■ PROBLEM ■
Among the lines below, output only those between the line holding "Tulips T-Shirt featuring" and the line holding "Sweetude 2 Pcs", inclusive, exactly as written and with no pictures.

Saved data entries
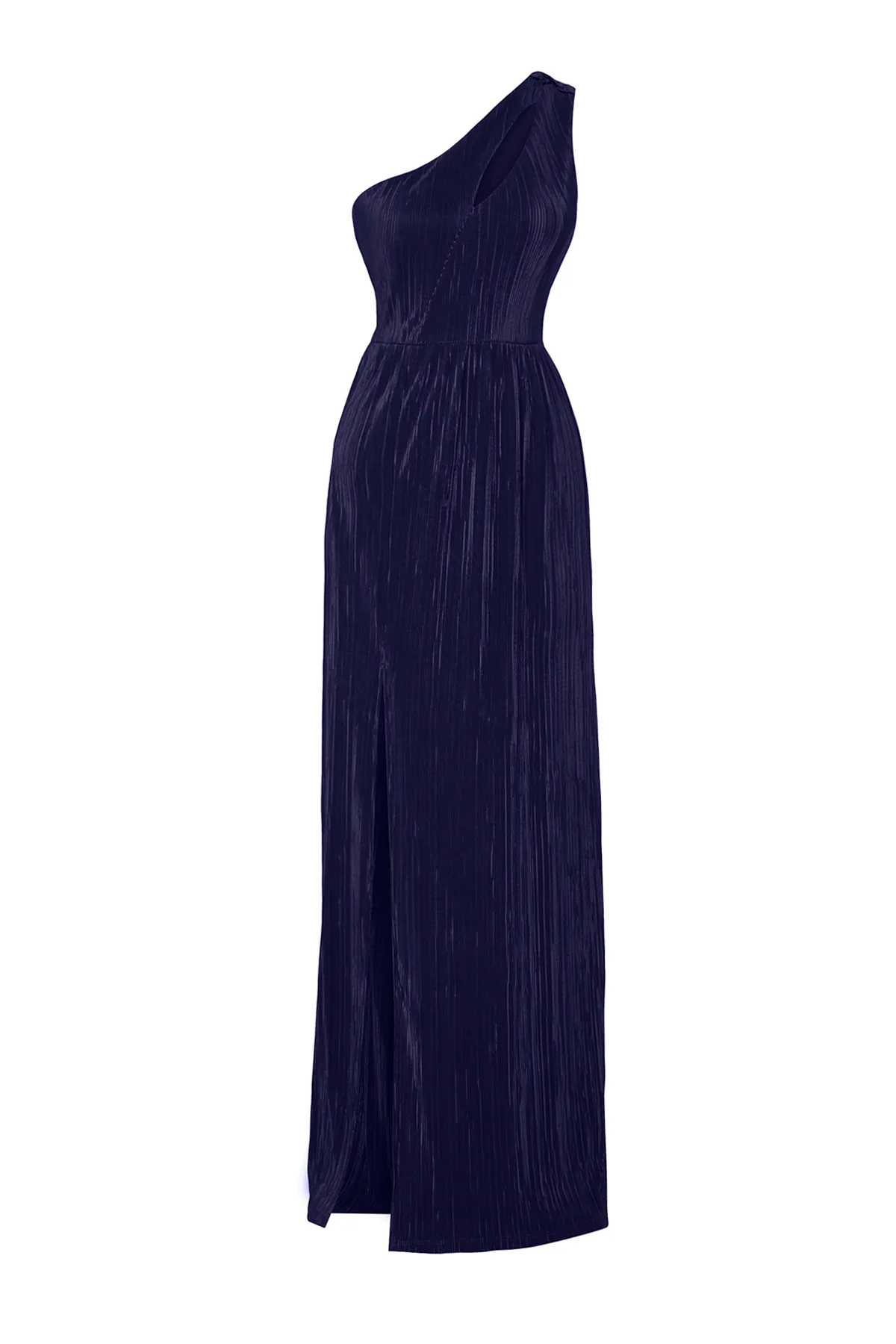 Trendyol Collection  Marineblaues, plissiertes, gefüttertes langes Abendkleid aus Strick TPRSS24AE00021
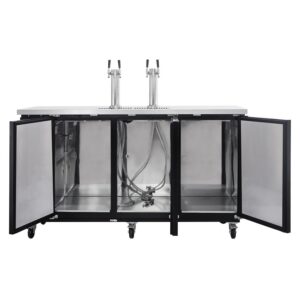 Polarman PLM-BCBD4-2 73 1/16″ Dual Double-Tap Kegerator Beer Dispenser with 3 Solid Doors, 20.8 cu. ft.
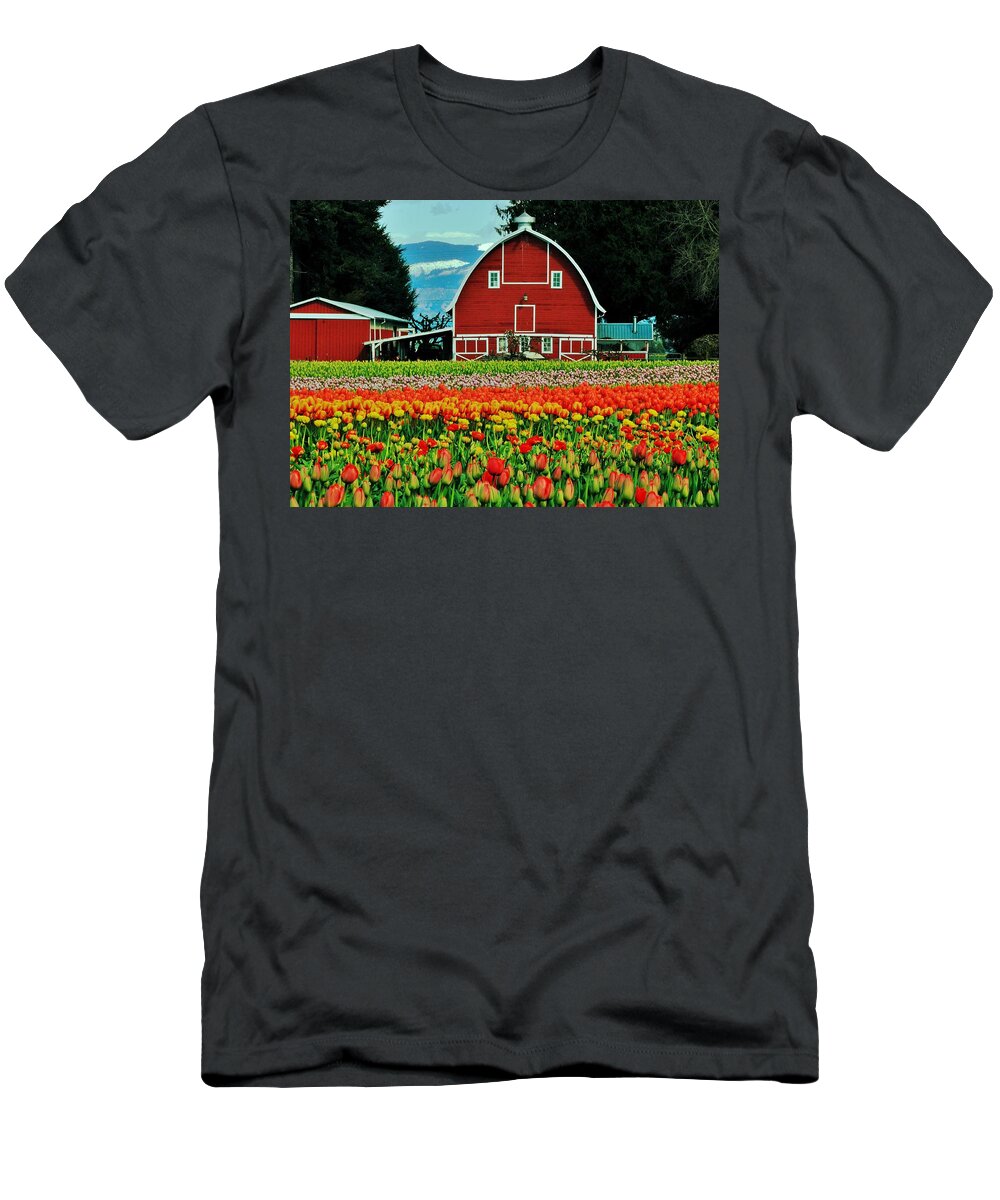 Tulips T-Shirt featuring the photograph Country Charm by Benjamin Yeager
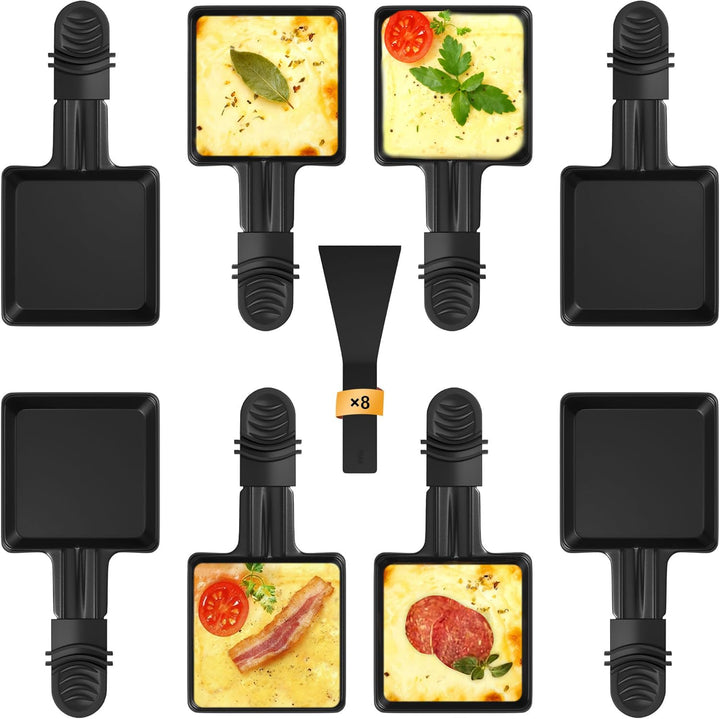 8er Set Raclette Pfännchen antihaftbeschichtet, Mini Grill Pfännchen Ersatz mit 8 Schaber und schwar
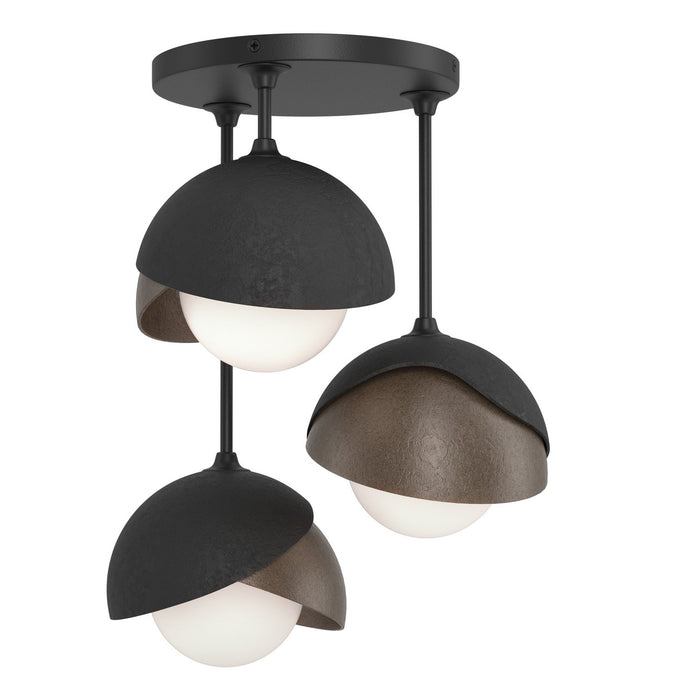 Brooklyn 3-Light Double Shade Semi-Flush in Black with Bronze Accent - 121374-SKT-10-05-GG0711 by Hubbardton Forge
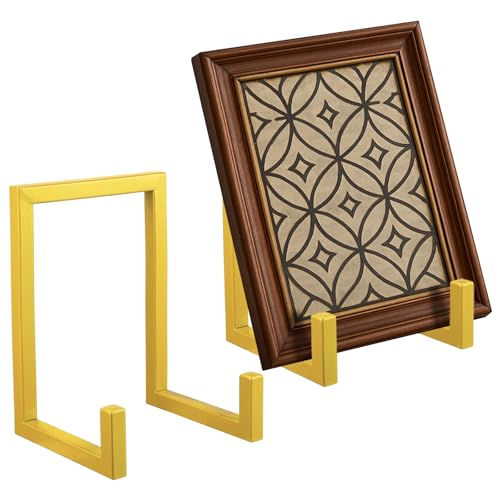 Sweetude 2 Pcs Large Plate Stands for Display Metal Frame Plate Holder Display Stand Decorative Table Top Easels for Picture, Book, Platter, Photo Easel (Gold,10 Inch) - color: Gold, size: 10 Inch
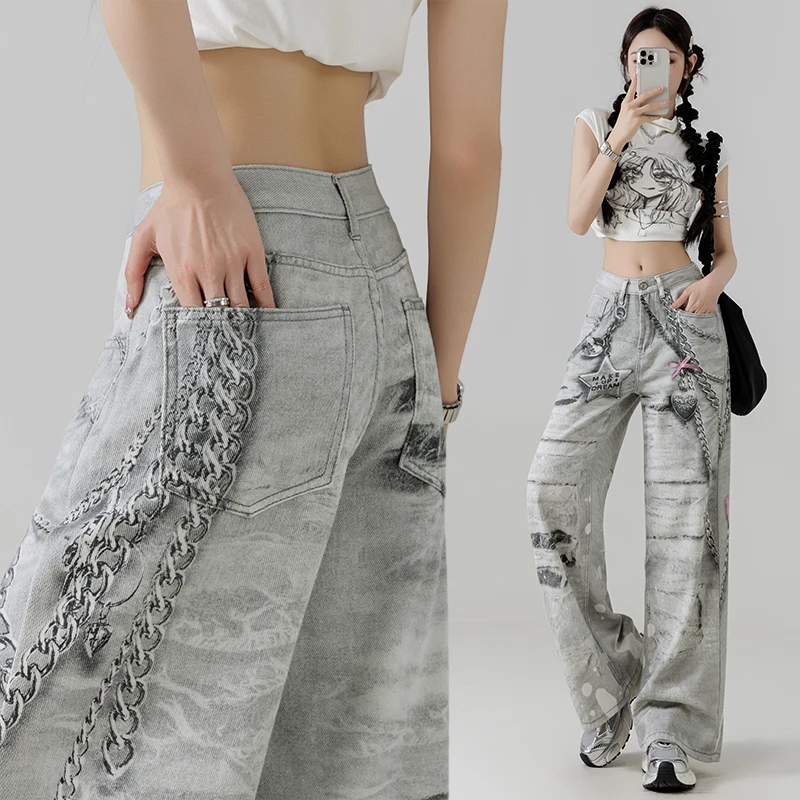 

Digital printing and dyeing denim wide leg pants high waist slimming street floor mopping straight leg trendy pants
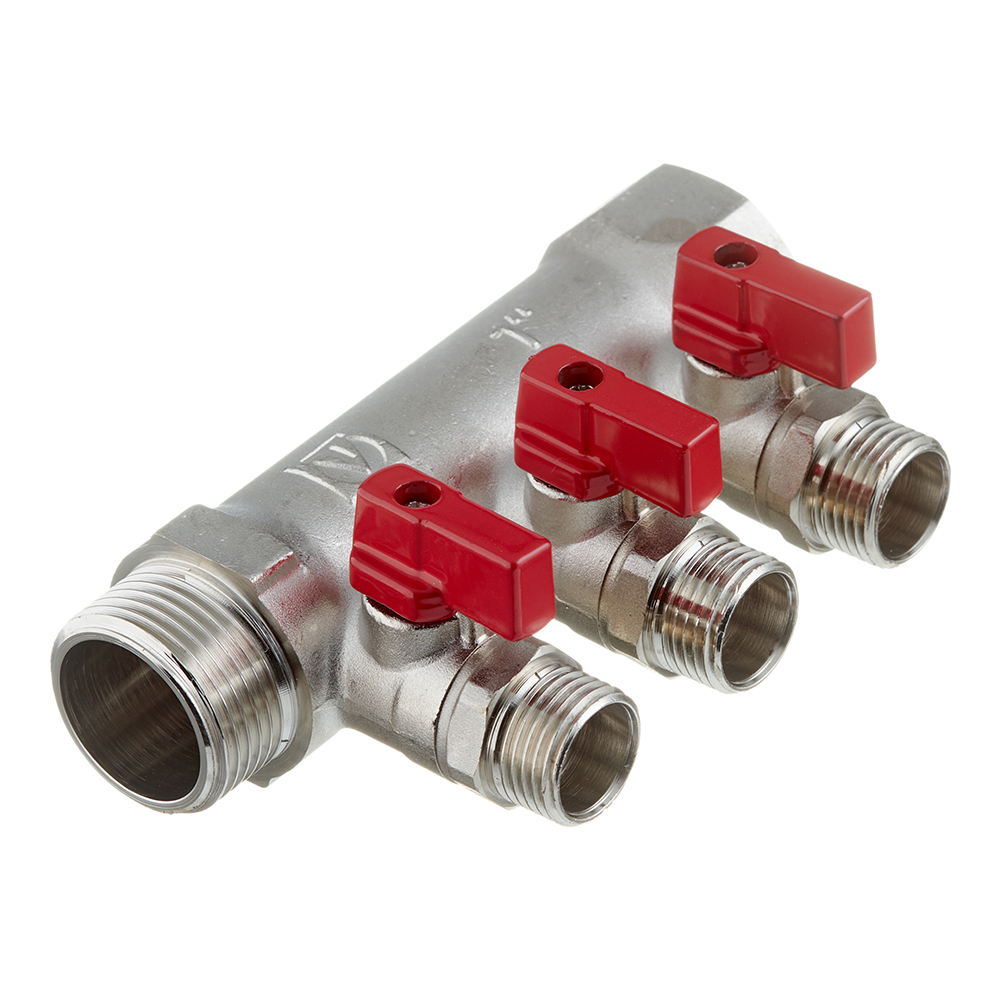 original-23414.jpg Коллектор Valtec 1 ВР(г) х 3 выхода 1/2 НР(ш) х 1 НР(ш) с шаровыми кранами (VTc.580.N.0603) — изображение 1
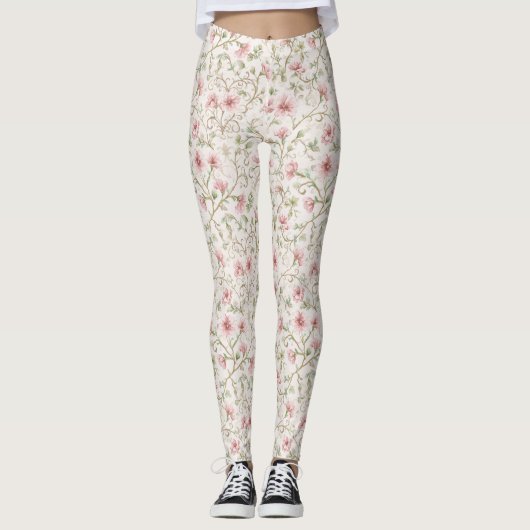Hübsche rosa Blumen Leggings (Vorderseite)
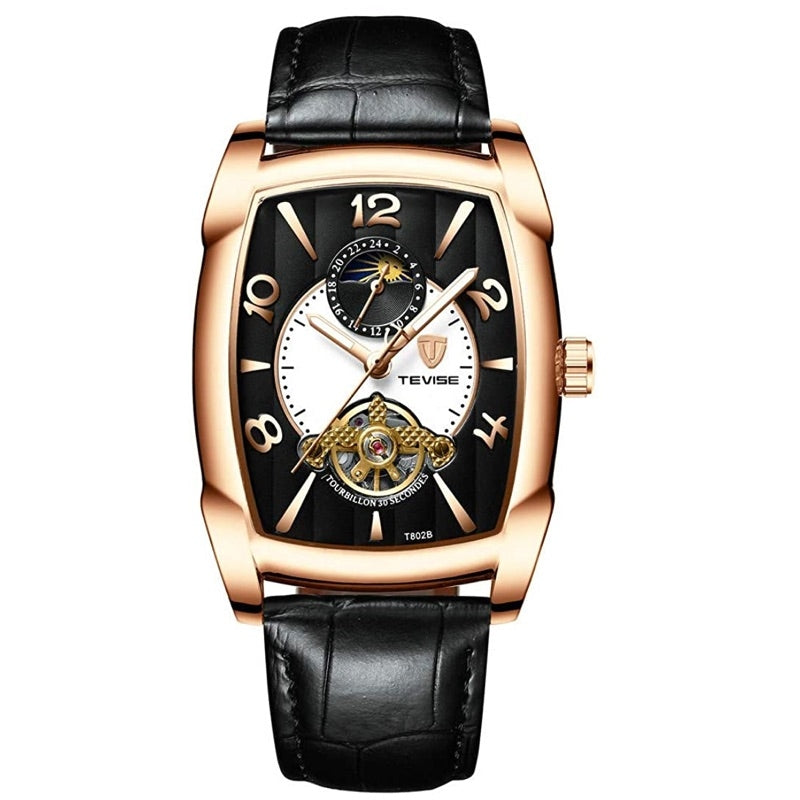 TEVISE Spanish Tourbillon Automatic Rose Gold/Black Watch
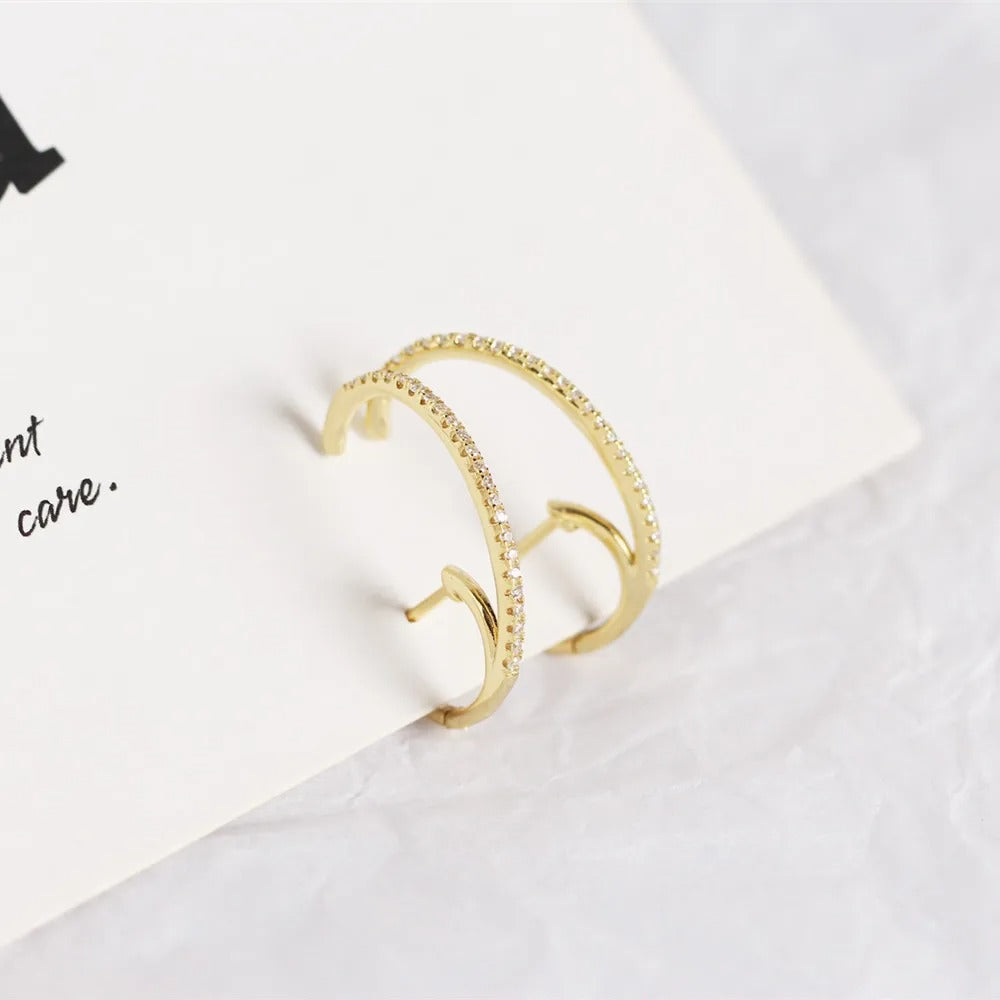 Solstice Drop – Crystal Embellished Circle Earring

■ TASK ANSWER ■
 Tulips T-Shirt featuring the photograph Country Charm by Benjamin Yeager
 8er Set Raclette Pfännchen antihaftbeschichtet, Mini Grill Pfännchen Ersatz mit 8 Schaber und schwar
 Brooklyn 3-Light Double Shade Semi-Flush in Black with Bronze Accent - 121374-SKT-10-05-GG0711 by Hubbardton Forge
 Sweetude 2 Pcs Large Plate Stands for Display Metal Frame Plate Holder Display Stand Decorative Table Top Easels for Picture, Book, Platter, Photo Easel (Gold,10 Inch) - color: Gold, size: 10 Inch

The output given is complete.